Loss in respect of house property whether let-out or self-occupied can be set-off under section 71(1) & 71(2) against any other head of income in the same assessment year.

            Loss arising on account of any deduction admissible under section 24 such as interest on borrowings for the purpose of acquiring the property will not be ignored and is eligible for the set-off in the same assessment year.
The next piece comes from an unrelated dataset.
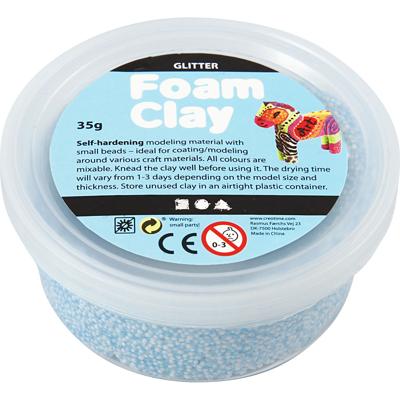 Foam Clay ®, glitter, lichtblauw, 35 gr/ 1 doosje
            Loss under the head “Income from house property” which cannot be wholly set-off, against income from any other heads of income in the same assessment year, will be allowed to be carried forward and set-off against “Income from house property”of immediately succeeding eight assessment years [Section 71B].In cases where the property is self-occupied and not let-out during any part of the previous year the annual value of such self-occupied property will be taken at ‘nil’ and no deduction u/s 24 will be allowed except the deduction in respect of interest payable on funds borrowed for the purpose of acquiring, constructing, repairing, renewing or reconstructing such self-occupied property.  However, the maximum permissible deduction in respect of such interest is Rs. 30,000/- [1st proviso to section 24(b)].  It may be noted that, the maximum permissible deduction in respect of such interest is Rs. 1,50,000/- where such a house has been acquired or constructed with capital borrowed on or after 1-4-1999 and such acquisition or construction is completed before period/time specified in (a) & (b) of item (v)(A) on page 115        [2nd and 3rd proviso to section 24(b)].